Adrian Ghenie and Navid Nuur
On the Road to … Tarascon
September 20–December 14, 2013
Opening: September 20, 17–22h
Plan B Berlin
Potsdamer Strasse 77-87
10785 Berlin
Galeria Plan B is happy to announce the exhibition On the Road to … Tarascon, the materialization of the conversation between the Romanian painter Adrian Ghenie and the post-conceptual Iranian-born Dutch artist Navid Nuur, unfolding over the last few years.
The two artists met in the context of the gallery’s program and new episodes in their dialogue were occasioned over time by group exhibitions and art fair presentations. This is in tandem with the mission of the gallery, to be a locus of conversation and collaborative research.
A first iteration of this project was exhibited at the first edition of Art Basel in Hong Kong in May 2013 and was awarded the Discoveries Prize. Guggenheim Museum’s curator Alexandra Munroe describes the project: “The installation by Navid Nuur and Adrian Ghenie encompasses performance, sound, painting, and assemblage in a complete environment that has keen art historical and critical relevance. It wrestles with the history of modern painting while showing an exciting and fresh perspective. Working collaboratively, the artists go beyond the constraints of conceptualism and engage with more current languages of art.”

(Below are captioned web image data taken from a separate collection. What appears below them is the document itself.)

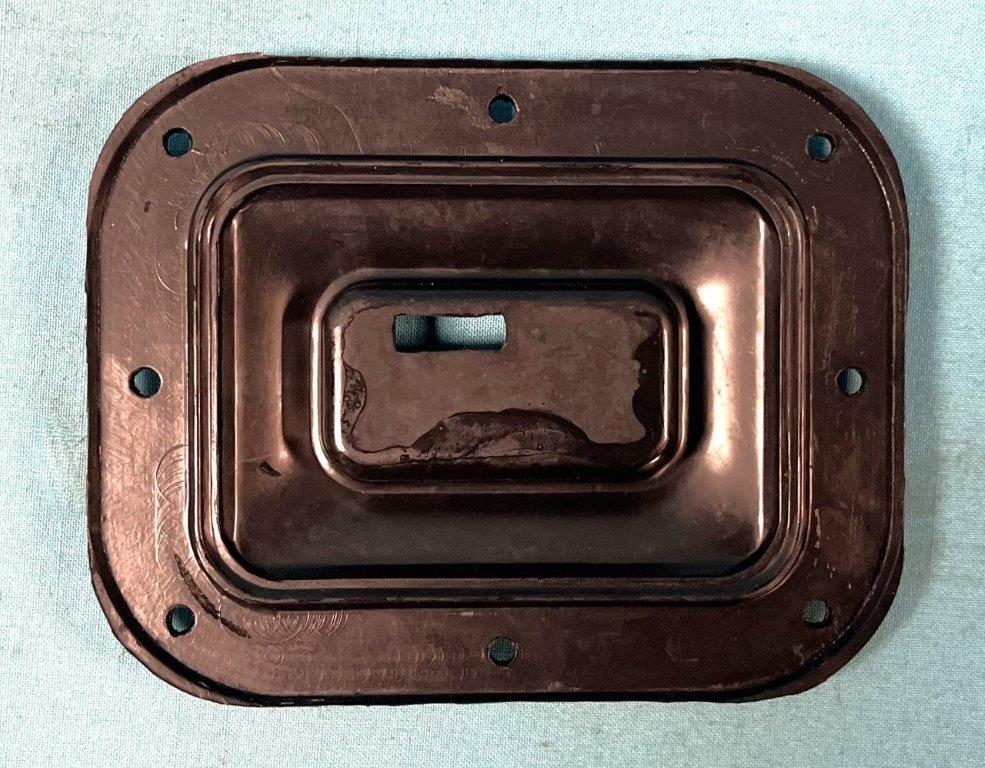 Shifter boot seal, fits all 1964-65 B/C-body cars, with or without console, can also be used in 1962-63 B-body cars when converting to 4-speed. Nice reproduction. Use with MH-B1 and MH-B2 upper shifter boots.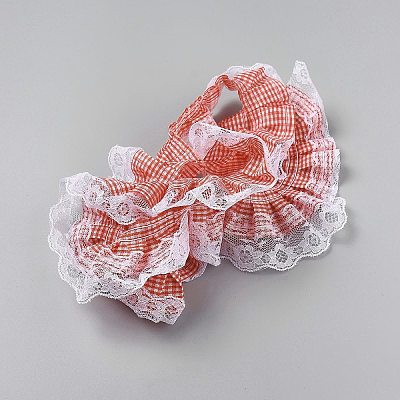 5 Yards Polyester Tartan Printed Ribbon OCOR-GF0005-08A-1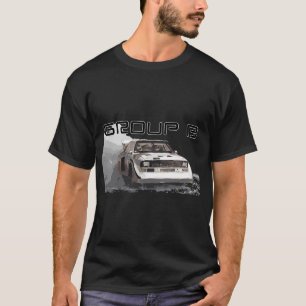4WD Klassieke Rally Gamer Bestuurder Rally Groep B T-shirt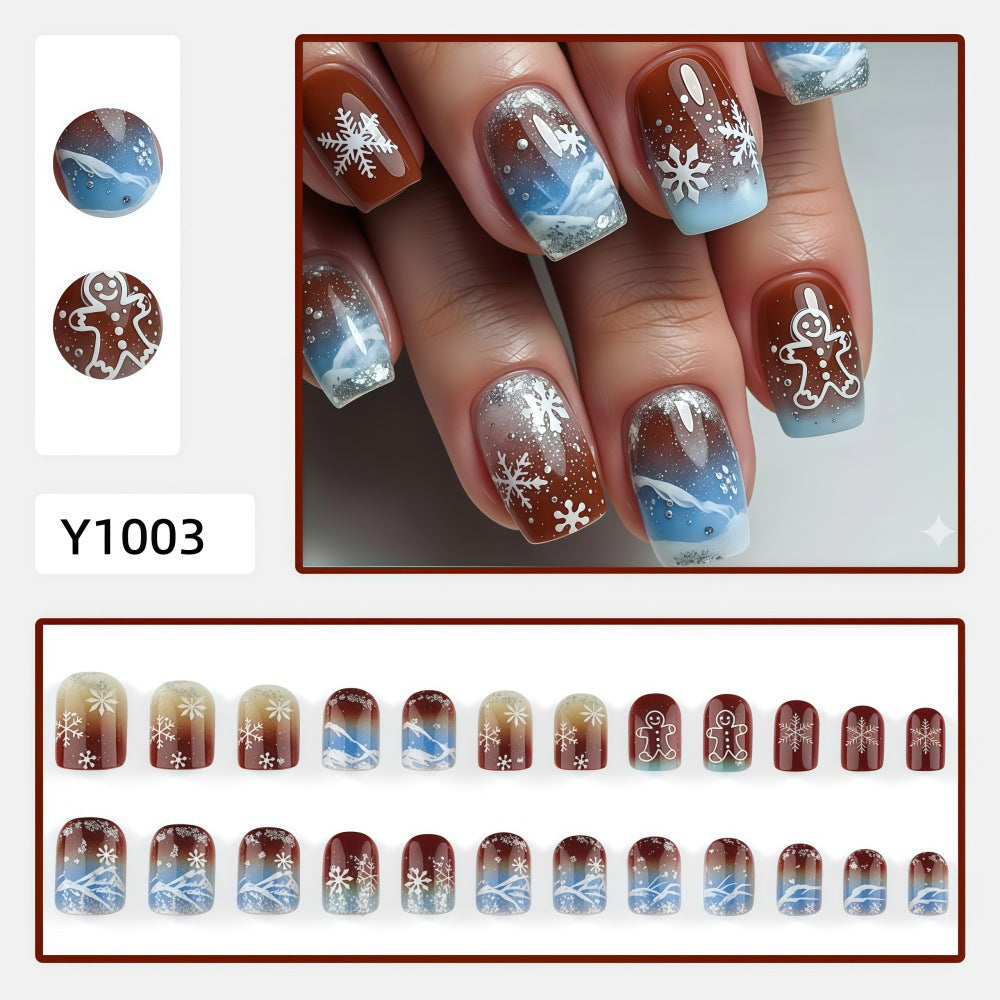 Nail art invernale decorativa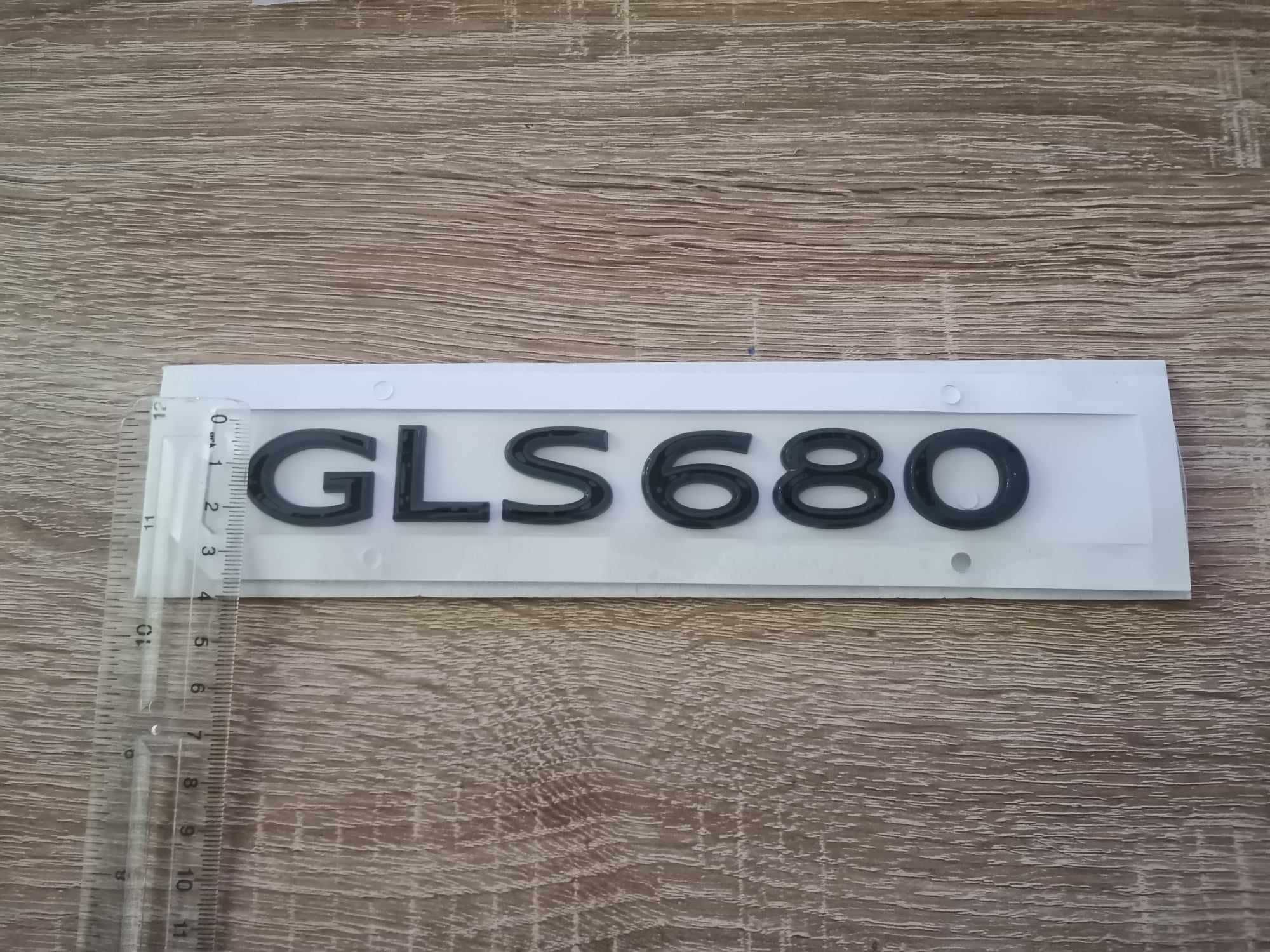 черен надпис нов стил Mercedes Benz GLS 680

While Navid Nuur is concerned with articulating modules of thought, where the abstract component of collective memory and intimations of a possible future acquire a sensuous presence, Adrian Ghenie’s paintings engage the invisible part of our past, where collective memory is constantly challenged by mysterious, strangely prophetic actions and places, occulted folds in the temporal linearity upheld by conventional histories.
Always poised between figuration and abstraction, the two practices converge in looking at how both thoughts and oblivion materialize. The works in the exhibition question the dematerialization of painting through a dialogue between the figurative and the abstract, between representation and prototype, between embodiment and its traces. It is an occasion for both artists to challenge their positions: Adrian Ghenie steps forward in researching the abstract side of the figurative, and Navid Nuur adapts his conceptual toolbox to an investigation of traditional painting and representation.

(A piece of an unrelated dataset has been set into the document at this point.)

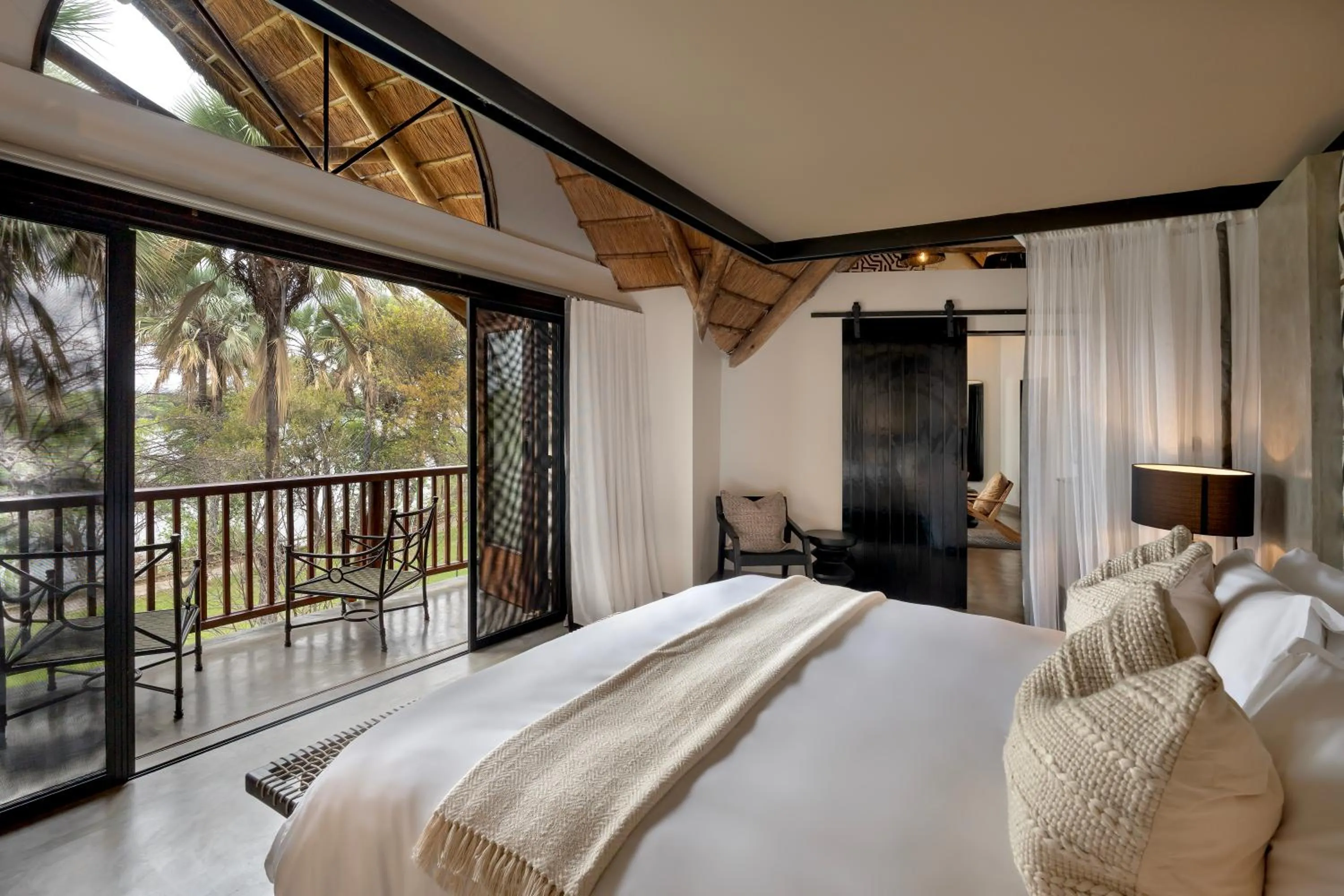 Bed in The David Livingstone Safari Lodge & Spa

The two artistic discourses achieve new potentialities in this encounter, through the direct access they offer one another to work, to the physical and affective correlates of art-making. This ranges from the performative dimension of their collaboration (a video work shows Navid Nuur holding a microphone connected to a Marshall amplifier, voicing out Ghenie’s act of painting as it unfolds in front of him) to the exchange of material (Nuur takes color samples from Ghenie’s painting in order to create another work which refines specific details of Ghenie’s work through enlargement and repetition; in exchange Ghenie provides Nuur with a set of blue colours that he himself prepared). As a next step, Navid Nuur adds an abstract layer of paint (starting from the texture of a Van Gogh painting) on top of Ghenie’s picture, searching for a point of fusion between the two practices. At the end of the collaborative work, Nuur assembles all the detritus of this shared process into monocle-like instruments, viewing devices for their own material opacity.
An online reader was created for the exhibition, based on a conversation between Adrian Ghenie and Navid Nuur from July 2013, to be found here.

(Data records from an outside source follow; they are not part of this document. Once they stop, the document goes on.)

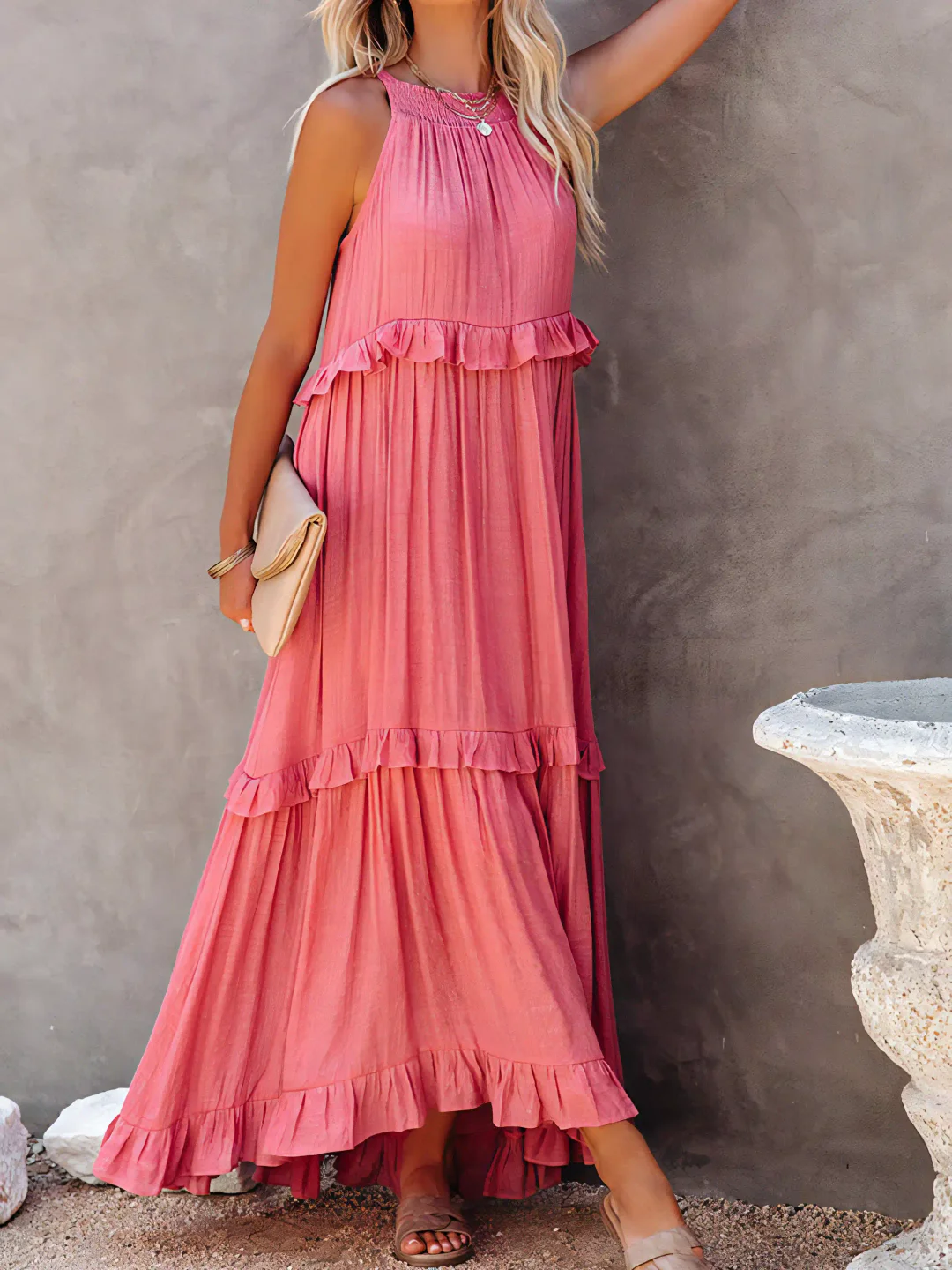 Mabel - Robe Maxi à Volants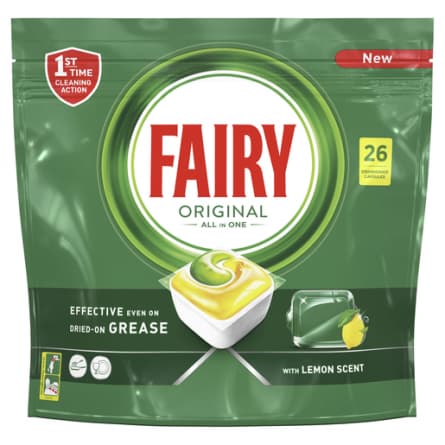 Fairy Original Dishwasher Tablets Lemon 26pk - 8001841958279 are sold at Cincotta Discount Chemist. Buy online or shop in-store.
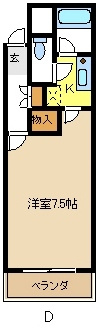 エスカーラ植田の間取り
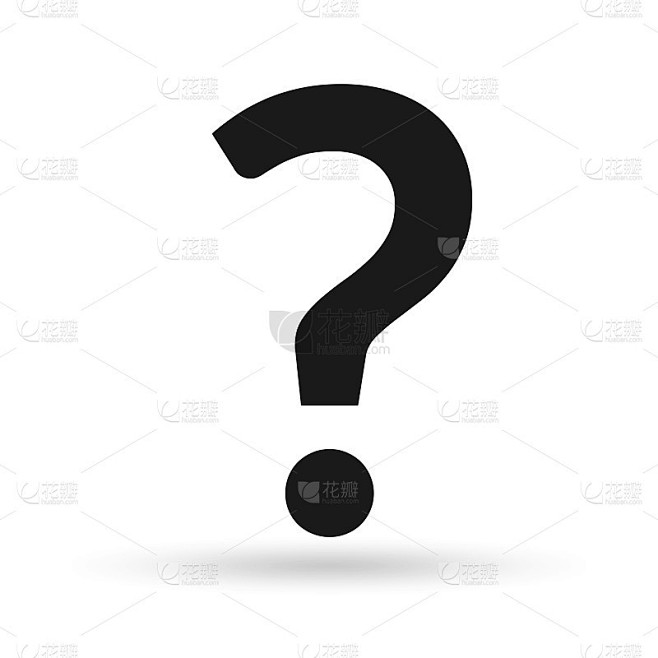 问号图标。常见问题，询问符号或符号。矢量插图。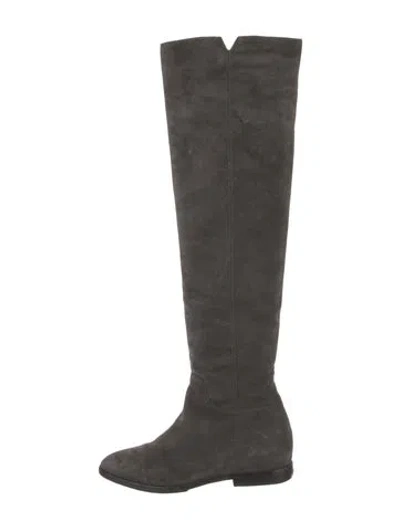 Pre-owned Ash Suede Boots In Grey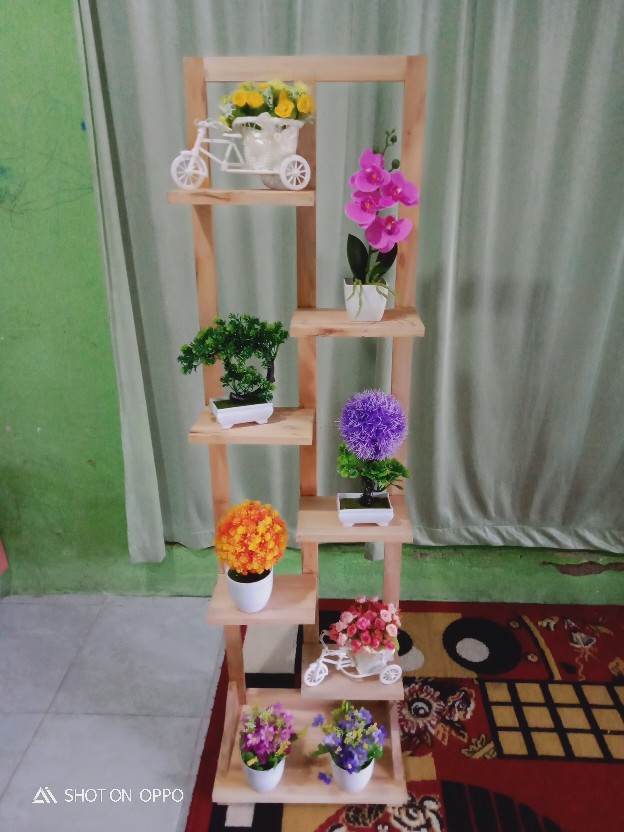 Snapdragon Bunga Pajangan Plastik Tanaman Palsu Artificial Dekor 8810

Adrian Ghenie (b. 1977; Baia Mare, Romania) lives and works in Cluj and Berlin. His previous solo exhibitions include the Museum for Contemporary Art, Denver; S.M.A.K. Museum, Gent; the National Museum of Contemporary Art (MNAC), Bucharest. His work has been included in group exhibitions at the Palazzo Strozzi, Florence, San Francisco Museum of Modern Art, the Francois Pinault Collection at Palazzo Grassi, Venice and the Liverpool Biennial.
Navid Nuur (b. 1976; Teheran, Iran) lives and works in The Hague, The Netherlands. His previous solo exhibitions include Centre Pompidou, Paris; Parasol Unit Foundation for Contemporary Art, London; Matadero Contemporary Art Center, Madrid; Kunst Halle Sankt Gallen and Kunsthalle Fridericianum, Kassel. His work has been included in group exhibitions at the 54th Venice Biennale, the Stedelijk Museum Amsterdam, Museion Bolzano, Kunsthaus Glarus, and Stroom The Hague.